Coastal enclave has a high birth rate, but UN warns that the territory could be 'uninhabitable' by 2020
The population of the Gaza Strip surpassed two million for the first time in its history, officials announced on Tuesday night.
The births of two babies on Tuesday night brought the total population of the 365km/sq coastal enclave to over two million, a statement issued by Gaza’s interior ministry said.
The two-millionth person in the Gaza Strip, a newborn named Waleed Shaat, was born on Tuesday evening.
Shortly afterwards, a girl named Lana Ayad was born, becoming the 2,000,001 person in Gaza.
The Gaza Strip - which has been under an Israeli military blockade for years - currently has a population density of over 5,100 people per sq/km.
This makes it one of the most densely populated territories in the world, just ahead of the British territory of Gibraltar.

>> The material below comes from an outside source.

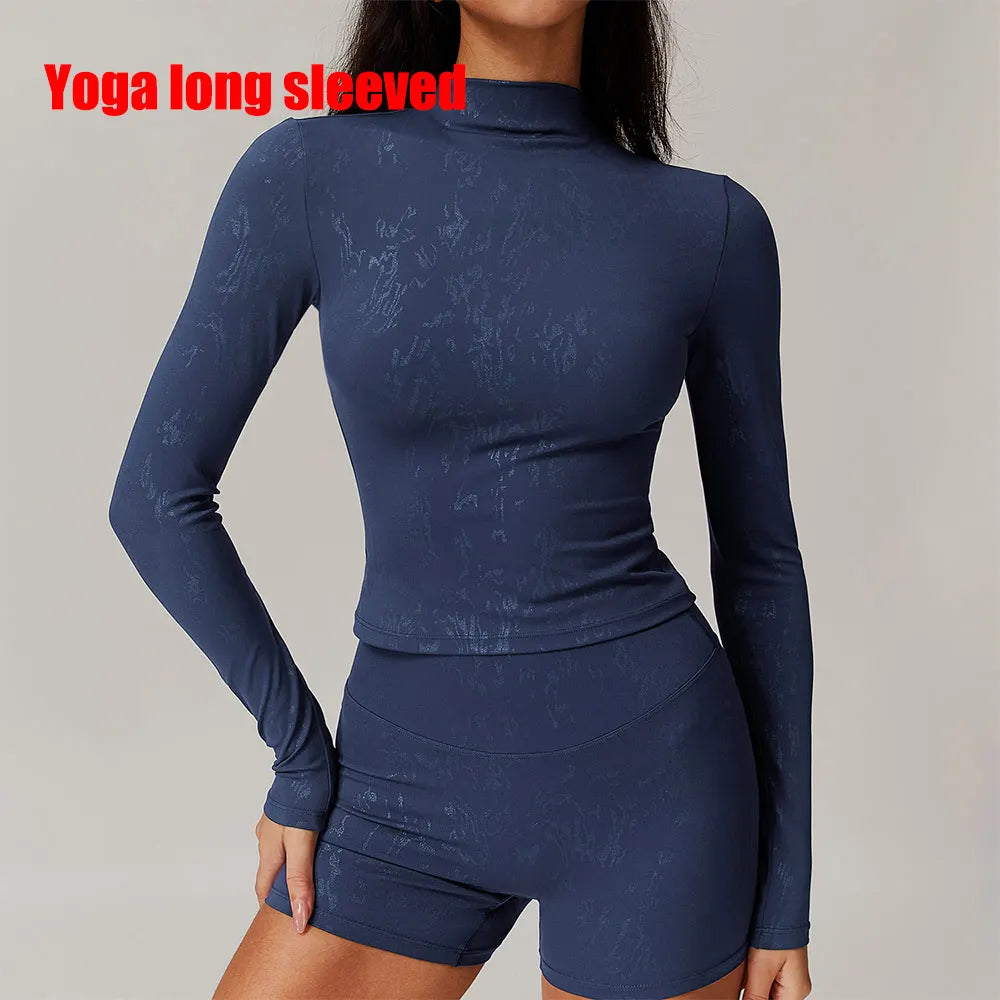 Printed Long Sleeve Yoga Top – Push Up Dry Fit Elastic Fitness Shirt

Gaza also has one of the world’s highest birth rates, with an average of 4.4 children per woman – falling from a peak of 8.3 children per woman in 1991.
During September, authorities in Gaza registered 4,983 new births, giving an average birth rate of 166 per day, or seven infants per hour.
At current rates, the Gaza Strip’s population is estimated to reach at least 2.1 million by 2020.
The area could also be “uninhabitable” by the same date, according to a UN report issued last autumn.
The report warned that the Gaza Strip has been “ravaged” by three military operations in six years that have left development “not only hindered but reversed”.